- _DATA LISTING_:
------------
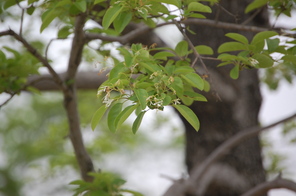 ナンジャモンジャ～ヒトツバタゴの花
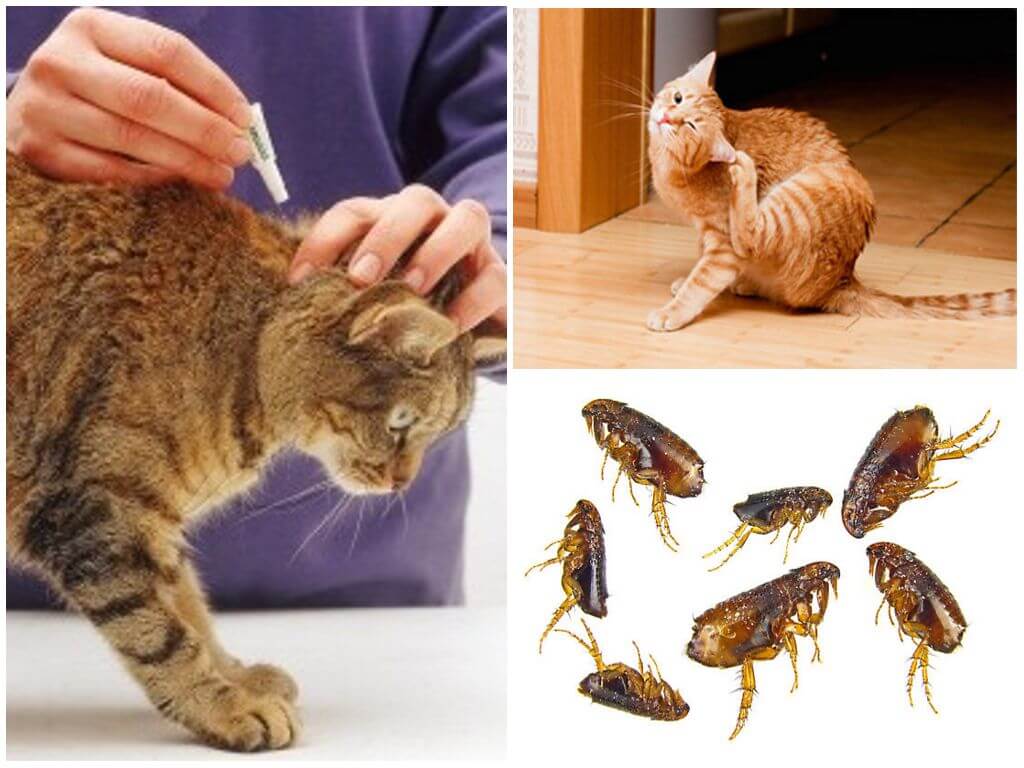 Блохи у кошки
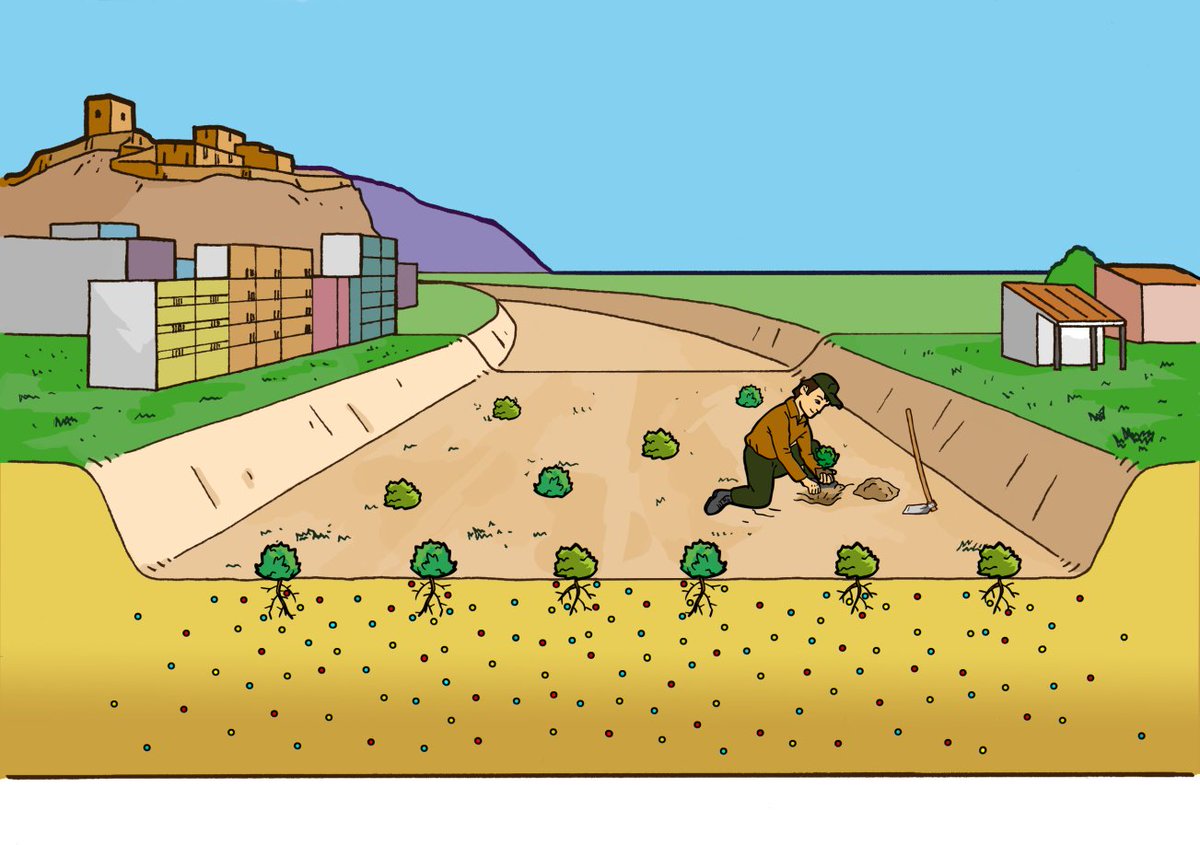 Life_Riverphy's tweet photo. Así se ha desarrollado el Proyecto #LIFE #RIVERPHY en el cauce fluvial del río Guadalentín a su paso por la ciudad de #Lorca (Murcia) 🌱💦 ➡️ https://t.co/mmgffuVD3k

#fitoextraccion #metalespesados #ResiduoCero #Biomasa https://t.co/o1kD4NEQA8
------------
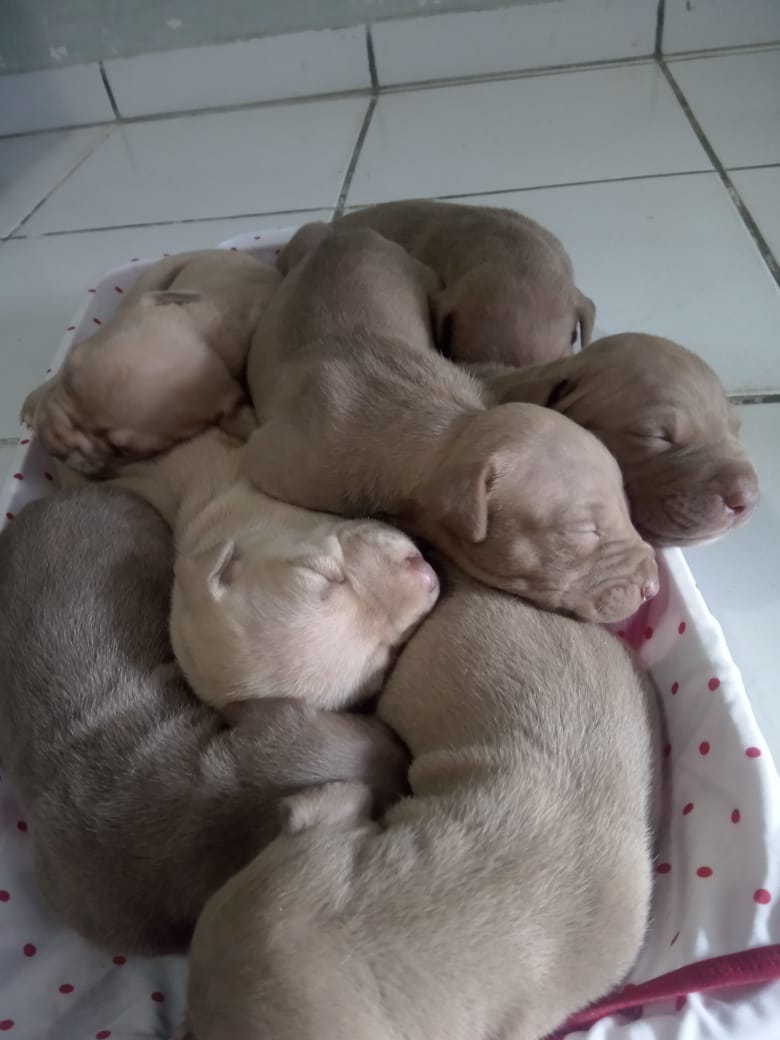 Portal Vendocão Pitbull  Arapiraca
------------
Starting at the line with "ナンジャモンジャ～ヒトツバタゴの花" in the entries above, write out every line exactly until the line with "#fitoextraccion #metalespesados #ResiduoCero" has been written. Include no pictures and nothing more.

 ナンジャモンジャ～ヒトツバタゴの花
 Блохи у кошки
 Life_Riverphy's tweet photo. Así se ha desarrollado el Proyecto #LIFE #RIVERPHY en el cauce fluvial del río Guadalentín a su paso por la ciudad de #Lorca (Murcia) 🌱💦 ➡️ https://t.co/mmgffuVD3k

#fitoextraccion #metalespesados #ResiduoCero #Biomasa https://t.co/o1kD4NEQA8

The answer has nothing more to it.